President Obama's top political adviser believes that if Democrats don't keep pace with Republican fundraising, they could lose the White House this November, according to the New York Times.
David Plouffe gathered a dozen wealthy Democrats in a Silicon Valley office and told them that reports that President Obama will raise enough money to be re-elected are wrong.
Obama's decision last month to endorse independent groups like super PACs to raise funds for campaigns may be backfiring. While Democratic super PAC Priorities USA raised $6.1 million in 2011 and about $2 million in February, the numbers pale in comparison with the amount of cash that many Republican super PACs have raised.
"February was obviously a much better month than we've had in a while," Bill Burton, a spokesman for Priorities USA, told the New York Times. "But Democrats who want the president to win re-election are going to have to ramp up the numbers in order to stay competitive with the avalanche of Republican money coming at him."
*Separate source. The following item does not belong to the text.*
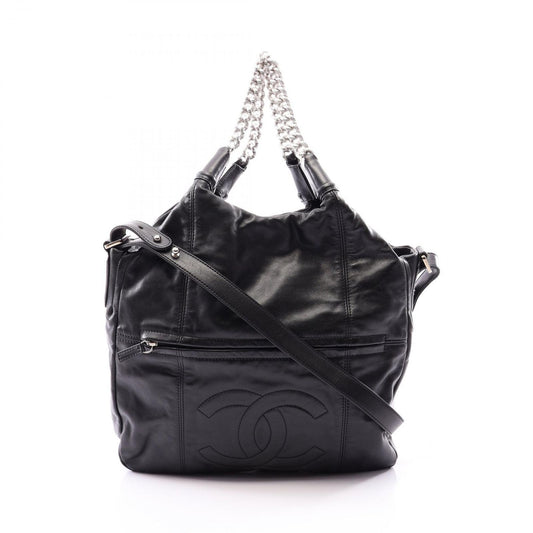 Chanel Handbag CC Logo 2-Way Black Lambskin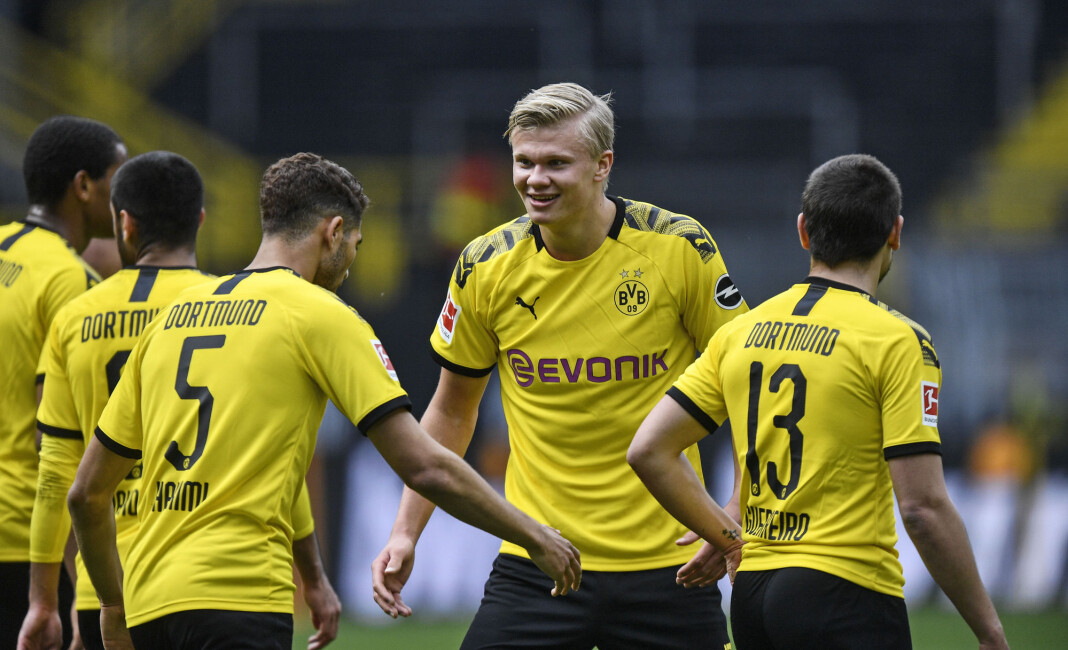 Erling Braut Haaland scoret for Borussia Dortmund lørdag. Erling Braut Haaland scoret for Borussia Dortmund lørdag.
The leading Republican super PAC, American Crossroads, took in $51 million in 2011 and projects that it will raise a total of $240 million by the November elections. The billionaire Republicans known as the Koch brothers expect to raise an additional $200 million for other independent groups against a second term for Obama. Projected fundraising figures for the Republican National Committee and other conservative groups will negate Obama's expected advantage in traditional fundraising methods.
But one of the many reasons President Obama is having trouble raising money is that many of his positions (climate change, war, Wall Street) are unpopular with wealthy Democratic donors. With this being acknowledged by super PAC executives and the Obama campaign, they have turned their direction to other wealthy donors: African-American business executives and Silicon Valley entrepreneurs, gay donors and longtime Obama supporters from Chicago.
Comedian and pundit Bill Maher recently contributed $1 million to a super PAC and said it was to encourage the wealthy on the left to open their wallets or risk seeing the country in Republican hands come November.
While money buys advertising, can it buy a victory? Former Massachusetts Gov. Mitt Romney has outspent his Republican presidential rivals by a large margin and is still struggling to win the nomination. While we hope President Obama and his team catch up on the fundraising front, we think this election will come down to policy and record and not money.